Hubert Horton McAlexander (born October 27, 1939) is a scholar of Southern literature and culture and a Josiah Meigs Professor Emeritus in the University of Georgia’s department of English.[1] In addition to numerous articles on William Faulkner and other nineteenth- and twentieth-century Southern authors, he wrote biographies of Sherwood Bonner and Peter Taylor and edited a collection of critical essays on Taylor and a volume of interviews with Taylor. He has also published books and articles on regional history, especially the region of northern Mississippi that inspired William Faulkner’s fiction.
McAlexander was born in Holly Springs, Mississippi. He attended the University of Mississippi, where he received his B.A. and M.A. degrees, before earning his doctoral degree in American Literature at the University of Wisconsin in 1973, with a dissertation on William Faulkner. He taught at Texas A&M University for one year before joining the faculty at the University of Georgia in 1974.[2]

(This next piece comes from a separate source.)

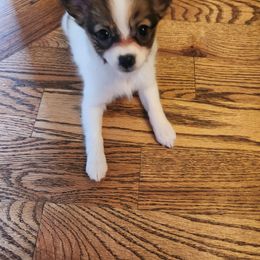 Papillon Puppies from Rene's Papillon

In 1981 McAlexander published the first in-depth biography of Sherwood Bonner, a nineteenth-century author from Mississippi who defied social pressures and a privileged upbringing to leave her family and embark on a literary career. The book was reissued in 1999.[3] Throughout the 1980s and 1990s, much of his research focused on Peter Taylor, the Pulitzer Prize-winning fiction writer from Tennessee. This work culminated in his 2001 biography Peter Taylor: A Writer’s Life, which Publishers Weekly described as a meticulous account.[4] An excerpt was published in the New York Times.[5] At UGA he regularly taught courses in Southern Literature, American Realism, and American Modernism, and on the authors William Faulkner, Henry James, and Willa Cather. His 2017 edited collection From the Chickasaw Cession to Yoknapatawpha: Historical Essays on North Mississippi examines the Native American, African-American, and European-American communities that shaped the region around Oxford, Mississippi, which William Faulkner fictionalized as “Yoknapatawpha County.”[6] He was honored as Outstanding Honors Professor in multiple years and won the Josiah Meigs Award for Excellence in Teaching and the Creative Research Medal.[7] In 2020, an endowed chair was created in his name in the University of Mississippi’s department of English.[8] The first recipient of the chair is author Kiese Laymon.[9]